Trying to see if I need to start the process of getting approvals to move my ESXi farm from 5.1 to 5.5. At this point, I am running 4 hosts supporting about 20-25 VM's depending on the number of projects I am supporting at any given time.
I have vCenter server helping to manage this.
I have been looking at 5.5 but dont see a lot of differences for an install of my size.
Would appreciate any suggestions/pointers
Ron
I think you should start look the new features of version 5.5: New features in VMware vSphere 5.5 (2058665)

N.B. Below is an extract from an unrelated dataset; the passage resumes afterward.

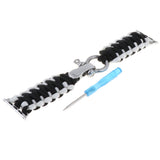 Maxbell Nylon Rope Watch Band Replacement Fitness Strap for iWatch 3/4 Black+White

And here is another blog post with a summary of what's new in vSphere 5.5: A Summary of What’s New in vSphere 5.5 | VMware vSphere Blog - VMware Blogs
Hey Rnutter0,
The articles Richardson Porto laided out should direct you in the right direction, however here is the long and short of it:
You will upgrade your enviroment in this order:
SSO
Web Client
Inventory Service
vCenter
Other plugins AKA Update Manager, SRM, ect
ESXi hosts upgrade - This can be done with Update Manager, Stand alone upgrade, or a fresh install
Vmware tools on all VM's
Upgrade hardware version of your VM's if you so choose. Just remeber if you decide to go to hardware version 10, you can then ONLY manager your VM's with hardware version 10 through the WebClient, so its highly reccomended that you keep your vCenter version 8 or 9 if its virtual as it avoids management issues if you have problems with vCenter(AKA your having vCenter issues but you can't managed it because its down there for you can't get to the web console).
Hope this has helped.
Since I am using vCenter appliance version, sounds like that is the starting point to get started.
Reviewing the vSphere Platform What's New pdf now. Seeing a few things that would benefit us even though we only a 4 host implementation.
Appreciate the pointers on where to keep the hardware version for vCenter. Dont want to start going upstream without a paddle.
Got some reading to do as well as setting this up in the lab before committing to what wont be a small upgrade process.
Ron
Yeah if you run the vCenter Appliance, typically everything is rolled into that appliance so it makes the ugprade / installation process much easier.